Oscar Yakovlevich Rabin, who turns 90 next year, is often called as ‘Solzhenitsyn in painting’ for his portrayal of the mood of the Russian society during the 1960s and 1970s.

Recognised as one of the most gifted and prolific painters of his generation, Rabin is also remembered as a former de facto leader of the Soviet non-conformist art.

Rabin was one of the principal organisers of an important underground exhibition in a Moscow suburb way back in September 1974. Now famously called the ‘bulldozer exhibition’, the outdoor event lasted no more than four hours by the time it was brutally brought down by the authorities who used dump trucks, bulldozers and water-spraying trucks to eject the participating Russian contemporary artists, trampling upon their paintings installed on makeshift stands.

Decades later, Rabin remembered how “the bulldozer was a symbol of an authoritarian regime just like the Soviet tanks in Prague,” and how the exhibition was prepared as a political act against the oppressive regime, rather than an artistic event. “I knew that we’d be in trouble, that we could be arrested, beaten. There could be public trials. The last two days before the event were very scary; we were anxious about our fate. Knowing that virtually anything can happen to you is frightening.”
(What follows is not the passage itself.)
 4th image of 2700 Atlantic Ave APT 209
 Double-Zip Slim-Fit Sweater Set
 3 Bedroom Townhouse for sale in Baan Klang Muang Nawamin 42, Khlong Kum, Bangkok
The event was widely publicised in the Western media, much to the embarrassment of the Soviet authorities. Reporting on the event, The New York Times painted a grim picture: “Artists who protested were roughed up and at least five were arrested. An unknown number of angry spectators were taken to a nearby police station… Some of the artists, the organisers said, have had works displayed in New York, San Francisco, London, Paris and Rome. But they have not been allowed to exhibit formally here… because their styles do not conform with Moscow’s art doctrine, socialist realism.”

Rabin was among the many artists who were arrested in the aftermath of the bulldozer exhibition. In 1978, he, along with his wife and son, was granted a two-way visa to visit the West and return; but on June 23, he was stripped of his citizenship by the Presidium of the Supreme Soviet. Having been forced to leave his own country, Rabin had to adjust to the new life in Paris. The work he made in his adopted home often merged his memories of life in the USSR with the realities of living in France. “The Russia-themed pictures that I sometimes paint even now are not nostalgic. These are pictures-cum-recollections — just a memory about the past. For no matter what sort of past it was, you cannot erase it from your heart.”

Dramatic absurdity

Orphaned very early in his life, Rabin went on to develop a unique and deeply individual way of seeing the world. From the beginning of his artistic career, he employed everyday objects and scenes in his art; the barracks, fences, communal kitchens, withered snow, icons, clothes line, cats, newspapers, churches, bottles, fish, cats, crosses, teapots, road signs, icons and advertisements and, of course, a bottle of vodka frequently visited his canvas. All these objects and paraphernalia symbolically represented Soviet material life and its dramatic absurdity, which was for many years the central theme of Rabin’s creativity.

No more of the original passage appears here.